You ever play around with CCI's CB longs? They are alot of fun, killed everything I have shot at with those. I have been looking into a new air rifle, been wanting to try a piston gun vs springer. Something with a fixed barrel , lever cocked. What ya got? I had a gamo springer break barrel and it was very sensitive to how it was held, I did not like that.


----------



## SmoothLures (Feb 13, 2008)

Modern air guns are amazing. They have big bore air guns for big game like deer and hogs that take them cleanly. I've never shot one that big but have a .22 cal pellet gun that is awesome. Only shot a few squirrels with it but it's fun for sure.


----------



## surfchunker (Apr 10, 2006)

I killed several pigeons and a good sized groundhog with my Gamo 22 Big Cat this summer


----------



## mr100fps (Nov 1, 2011)

never mssed around with the cci's cb longs....gave my old collection to my son-760 pump master .177 ,american classic pump pistol .177 ,sheridan 8 pump rifle .22,sheridean pump pistol .22 , daisy red ryder, all these guns were bought in the 1980's and still work great, i just bought him a ruger explorer for his birthday. he is only 8 yrs old and is doing good with the ruger, its a youth gun with a short stock and 600fps......he cant handle the other guns yet,except for the daisy. when he is 10 yrs i will give him the 410 and a 22 lr.

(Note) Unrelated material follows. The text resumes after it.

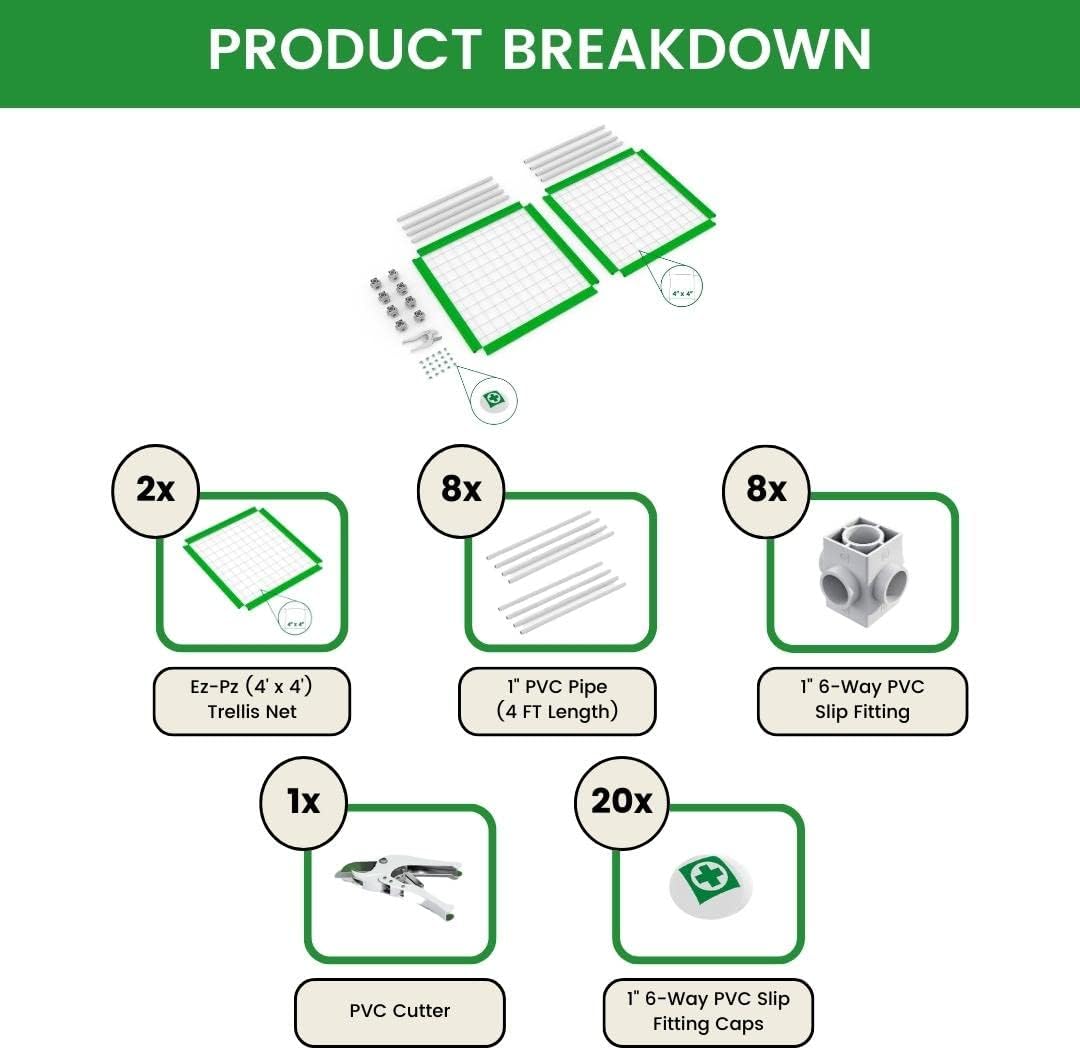The Bucket Company Ez-Pz (4' x 4') Trellis Kit | Hydroponics Grow Net for Grow Tents, Gardening, and Horticulture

as far as i go ...since i gave him all my guns this year so i can start a new collection of adult air rifles... i have a crosman phantom 1000x camo'd with a centerpoint ar 3-9x32 rd/gr illuminated mildot scope. its a real accurate gun with plenty of knock down power for small game . 1200FPS WITH PBA AMMO----1000 FPS WITH LEAD---ITS ALL ABOUT SHOT PLACEMENT !!!! heart/lung and head shots...your ammo is # 2...i use gamo red fire , my gun loves them. i can hit a quarter at 30 yards consistantly. there are sooooo many mixed reviews about air guns today...im 40 now and one of my first air guns was the crosman 760 pump master..i have killed rabbit,oppossum,crow,duck,squirrel..etc...i can go on and on about how many animals i droped with this gun in my younger years....i then saved enough allowance to buy the sheridan .22....great knock down power on them also....for me it was all about shooting the gun and practicing alot to get the feel of your gun..if it feels great in your hands and balances well in due time your accuracy will just fall rite into place...if not..well sell it and try something else...i was always a fan of crosman/benjamin/sheridan growing up and never had a problem with thier product.....now on the flip side, my neighbor had a daisy 880 pump that i couldnt shoot worth a crap..

so with all that being said..... i am saving for the benjamin trail np 1100 .22 that is a definate buy for me !!!!and then i would like to get the gamo socom extreme .22....or atleast one of the hard hitting .22 gamo guns that are around 1650 fps........peace out guys and shoot straight

ps. i will be headed out tomorrow morning to the wma in surrey county for some good squirrel hunting


----------